Volume I Capítulo 19 A Ladra

Memórias de Ladrões do Norte Sete doces 2560 palavras 2026-03-04 18:33:34

Eu estava com o corpo colado à parede junto à porta, prendendo a respiração.

Fiquei ali, imóvel, observando enquanto ela se esgueirava para dentro num movimento ágil.

Ela era realmente magra, conseguia passar até pela menor fresta.

Mas, sinceramente, sua técnica não era grande coisa: eu estava escondido na sombra ao lado da porta, ela fechou a porta atrás de si e sequer notou minha presença.

Sorri discretamente, observando sua atuação.

Ela se aproximou da cama na ponta dos pés, circulou ao redor do colchão.

O leito estava impecavelmente limpo, não havia nada de especial ali.

Logo, ela fixou o olhar na minha mochila de alças que repousava sobre a mesa de cabeceira.

Sem perceber que eu estava ali, convencida de que o quarto estava vazio, ganhou coragem.

Pegou minha mochila, sentou-se na cama e, com calma, abriu o zíper, segurando uma lanterna do tamanho de um polegar entre os dentes, espiando lá dentro.

Devia-se admitir, era cautelosa: não enfiou logo a mão, mostrando que já tinha alguma experiência.

Alguns ladrões experientes costumam armar armadilhas dentro das mochilas quando saem de casa — grampos especiais, lâminas, entre outros engenhos.

Se algum novato atrevido tenta meter a mão, no mínimo leva um beliscão, um aviso de que ali também há gente do ramo.

No pior dos casos, pode acabar com um corte profundo ou até se ferir gravemente.

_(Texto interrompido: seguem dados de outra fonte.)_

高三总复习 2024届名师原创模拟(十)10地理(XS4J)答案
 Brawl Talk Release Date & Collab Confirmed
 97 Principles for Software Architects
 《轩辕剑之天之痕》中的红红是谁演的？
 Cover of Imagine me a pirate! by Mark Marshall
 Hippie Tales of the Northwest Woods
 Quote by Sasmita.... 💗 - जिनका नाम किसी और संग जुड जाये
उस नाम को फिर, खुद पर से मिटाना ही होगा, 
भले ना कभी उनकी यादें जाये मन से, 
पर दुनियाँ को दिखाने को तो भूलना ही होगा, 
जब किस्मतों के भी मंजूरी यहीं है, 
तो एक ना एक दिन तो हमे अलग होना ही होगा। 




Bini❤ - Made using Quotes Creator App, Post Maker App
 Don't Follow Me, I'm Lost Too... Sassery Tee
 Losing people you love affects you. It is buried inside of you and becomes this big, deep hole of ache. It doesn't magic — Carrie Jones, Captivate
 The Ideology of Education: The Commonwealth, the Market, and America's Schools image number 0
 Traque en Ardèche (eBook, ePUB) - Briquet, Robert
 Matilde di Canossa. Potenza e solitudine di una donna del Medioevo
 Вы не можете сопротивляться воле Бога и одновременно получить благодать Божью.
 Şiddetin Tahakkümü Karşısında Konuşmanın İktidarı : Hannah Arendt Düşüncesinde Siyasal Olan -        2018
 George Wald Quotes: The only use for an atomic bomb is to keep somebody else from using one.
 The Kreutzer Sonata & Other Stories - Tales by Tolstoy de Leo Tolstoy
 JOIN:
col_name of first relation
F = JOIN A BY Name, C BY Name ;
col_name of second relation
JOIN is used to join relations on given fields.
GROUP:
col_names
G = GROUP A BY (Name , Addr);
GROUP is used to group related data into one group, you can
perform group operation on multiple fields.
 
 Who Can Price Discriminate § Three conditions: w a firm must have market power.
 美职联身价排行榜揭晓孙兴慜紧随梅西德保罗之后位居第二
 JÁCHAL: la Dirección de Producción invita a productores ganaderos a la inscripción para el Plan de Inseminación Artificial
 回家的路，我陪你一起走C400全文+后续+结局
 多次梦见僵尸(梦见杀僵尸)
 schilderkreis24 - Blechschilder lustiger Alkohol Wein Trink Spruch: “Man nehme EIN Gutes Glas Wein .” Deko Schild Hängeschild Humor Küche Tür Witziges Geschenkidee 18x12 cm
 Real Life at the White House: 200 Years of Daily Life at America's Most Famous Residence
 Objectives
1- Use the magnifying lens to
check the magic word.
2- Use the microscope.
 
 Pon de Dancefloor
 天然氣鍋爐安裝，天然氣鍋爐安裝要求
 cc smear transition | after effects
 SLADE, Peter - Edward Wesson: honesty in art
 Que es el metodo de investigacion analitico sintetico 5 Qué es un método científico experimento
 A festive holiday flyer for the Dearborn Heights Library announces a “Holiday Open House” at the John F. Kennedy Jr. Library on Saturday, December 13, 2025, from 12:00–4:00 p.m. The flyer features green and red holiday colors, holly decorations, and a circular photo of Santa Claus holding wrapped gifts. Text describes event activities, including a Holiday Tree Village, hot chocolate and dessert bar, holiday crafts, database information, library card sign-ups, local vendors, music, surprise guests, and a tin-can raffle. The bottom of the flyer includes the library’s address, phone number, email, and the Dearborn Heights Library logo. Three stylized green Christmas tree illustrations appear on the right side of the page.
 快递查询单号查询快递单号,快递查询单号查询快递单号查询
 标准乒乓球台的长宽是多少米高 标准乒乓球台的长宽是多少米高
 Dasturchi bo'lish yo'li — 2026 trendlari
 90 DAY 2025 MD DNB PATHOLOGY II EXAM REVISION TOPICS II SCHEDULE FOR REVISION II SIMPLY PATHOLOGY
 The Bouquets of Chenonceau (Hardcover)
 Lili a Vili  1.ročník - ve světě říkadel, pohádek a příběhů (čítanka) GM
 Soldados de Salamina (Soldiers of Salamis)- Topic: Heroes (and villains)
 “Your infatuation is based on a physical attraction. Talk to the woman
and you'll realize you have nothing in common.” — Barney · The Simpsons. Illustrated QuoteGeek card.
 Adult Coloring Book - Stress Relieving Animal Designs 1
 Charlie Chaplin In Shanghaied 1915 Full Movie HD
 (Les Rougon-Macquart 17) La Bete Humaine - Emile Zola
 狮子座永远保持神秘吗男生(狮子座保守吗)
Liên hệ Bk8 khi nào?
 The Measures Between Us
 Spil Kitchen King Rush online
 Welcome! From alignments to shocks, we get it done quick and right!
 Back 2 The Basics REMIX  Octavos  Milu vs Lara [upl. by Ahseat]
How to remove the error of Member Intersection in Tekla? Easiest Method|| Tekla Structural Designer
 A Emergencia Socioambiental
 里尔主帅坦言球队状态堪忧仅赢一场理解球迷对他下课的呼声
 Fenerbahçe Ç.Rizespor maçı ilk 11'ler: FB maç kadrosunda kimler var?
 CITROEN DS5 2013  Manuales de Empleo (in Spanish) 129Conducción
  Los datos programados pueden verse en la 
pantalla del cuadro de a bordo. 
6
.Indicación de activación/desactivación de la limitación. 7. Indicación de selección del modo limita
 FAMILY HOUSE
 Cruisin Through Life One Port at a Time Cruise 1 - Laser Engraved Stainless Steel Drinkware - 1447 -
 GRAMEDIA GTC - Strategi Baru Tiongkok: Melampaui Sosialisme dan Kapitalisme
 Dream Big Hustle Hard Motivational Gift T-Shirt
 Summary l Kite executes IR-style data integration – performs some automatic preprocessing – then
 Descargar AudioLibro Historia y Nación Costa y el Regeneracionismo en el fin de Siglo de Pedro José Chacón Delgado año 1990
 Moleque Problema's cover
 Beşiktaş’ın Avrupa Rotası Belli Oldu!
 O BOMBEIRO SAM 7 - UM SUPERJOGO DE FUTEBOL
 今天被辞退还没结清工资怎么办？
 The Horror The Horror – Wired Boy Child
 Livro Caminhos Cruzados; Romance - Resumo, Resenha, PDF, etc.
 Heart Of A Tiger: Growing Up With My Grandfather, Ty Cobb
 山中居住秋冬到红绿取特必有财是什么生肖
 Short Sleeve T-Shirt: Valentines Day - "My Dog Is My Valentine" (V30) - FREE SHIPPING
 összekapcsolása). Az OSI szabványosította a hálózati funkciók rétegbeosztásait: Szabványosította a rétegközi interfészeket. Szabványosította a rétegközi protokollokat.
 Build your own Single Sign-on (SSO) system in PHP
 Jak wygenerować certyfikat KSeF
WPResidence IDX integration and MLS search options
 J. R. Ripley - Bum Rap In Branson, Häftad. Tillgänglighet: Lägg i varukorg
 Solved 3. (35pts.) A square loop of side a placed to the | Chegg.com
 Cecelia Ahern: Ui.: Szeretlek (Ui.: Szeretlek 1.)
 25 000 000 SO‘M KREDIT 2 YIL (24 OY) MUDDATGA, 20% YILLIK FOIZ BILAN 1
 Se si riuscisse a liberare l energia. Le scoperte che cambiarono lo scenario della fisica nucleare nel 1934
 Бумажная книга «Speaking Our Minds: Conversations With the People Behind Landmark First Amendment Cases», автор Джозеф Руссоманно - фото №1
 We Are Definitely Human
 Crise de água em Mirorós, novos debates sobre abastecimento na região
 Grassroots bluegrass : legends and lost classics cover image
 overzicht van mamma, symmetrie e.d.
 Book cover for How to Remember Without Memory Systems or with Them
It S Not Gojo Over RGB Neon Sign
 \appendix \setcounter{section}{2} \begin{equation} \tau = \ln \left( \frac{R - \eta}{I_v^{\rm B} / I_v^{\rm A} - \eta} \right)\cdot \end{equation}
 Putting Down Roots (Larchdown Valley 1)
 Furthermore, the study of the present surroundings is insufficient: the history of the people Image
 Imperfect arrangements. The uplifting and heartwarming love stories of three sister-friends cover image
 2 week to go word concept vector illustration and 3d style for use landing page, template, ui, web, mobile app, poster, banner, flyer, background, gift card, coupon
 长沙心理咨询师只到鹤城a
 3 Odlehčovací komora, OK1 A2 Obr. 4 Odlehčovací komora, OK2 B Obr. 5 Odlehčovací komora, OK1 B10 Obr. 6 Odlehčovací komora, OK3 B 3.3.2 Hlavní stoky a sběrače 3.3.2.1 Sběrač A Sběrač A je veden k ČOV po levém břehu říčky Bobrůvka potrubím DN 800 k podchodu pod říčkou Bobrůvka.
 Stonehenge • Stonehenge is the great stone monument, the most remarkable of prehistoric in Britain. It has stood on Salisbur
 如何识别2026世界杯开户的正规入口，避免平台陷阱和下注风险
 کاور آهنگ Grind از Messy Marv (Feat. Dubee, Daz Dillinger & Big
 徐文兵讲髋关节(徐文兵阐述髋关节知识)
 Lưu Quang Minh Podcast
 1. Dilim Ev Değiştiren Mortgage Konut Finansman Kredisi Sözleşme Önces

Aquele tal de Macaco de Seis Dedos, capanga do Segundo Andar das Flores, perdeu um dedo assim: certa vez, no trem rumo a Jinmen, quebrou as regras e tentou mexer na mochila de um mestre do ofício. Acabou tocando numa lâmina, teve o tendão do dedo cortado, o dedo necrosou e ficou como um galho seco.

Mas minha mochila não tinha armadilhas. Nunca tive vocação para impor respeito entre colegas.

No fundo, sempre me achei diferente deles.

Roubar é roubar, furtar é furtar — o ladrão cavalheiresco carrega o peso da palavra “cavalheirismo”. Não somos do mesmo nível.

Na minha mochila havia de tudo: alguns livros, cadernos, canetas-tinteiro.

Além de uma porção de objetos variados; era uma mochila grande, bastante cheia.

Embora não tivesse montado nenhuma armadilha, deixei ali, no fundo, um objeto propositalmente.

Um lenço branco, embrulhando um pequeno caderno preto.

Eu o levava sempre comigo, preparado para trocar pelo verdadeiro, caso necessário.

Notei que ela parou por um instante — provavelmente avistara o embrulho de lenço.

Baixou a cabeça e enfiou-a quase toda na mochila, iluminando o interior com a lanterna, examinando com atenção.

Pelo visto, era exatamente aquilo que procurava.

Só havia algo que me intrigava.

Ela fingia ser assistente de Chen Dongmei, estava sempre com ela. Já fazia tempo suficiente para saber onde o caderno ficava guardado.

Por que, então, revirava minha mochila?

Talvez, por ter visto Chen Dongmei me convidar para jantar na véspera e reservar um quarto no hotel, tivesse suspeitado de alguma relação nossa e aproveitado para tentar transferir o caderno.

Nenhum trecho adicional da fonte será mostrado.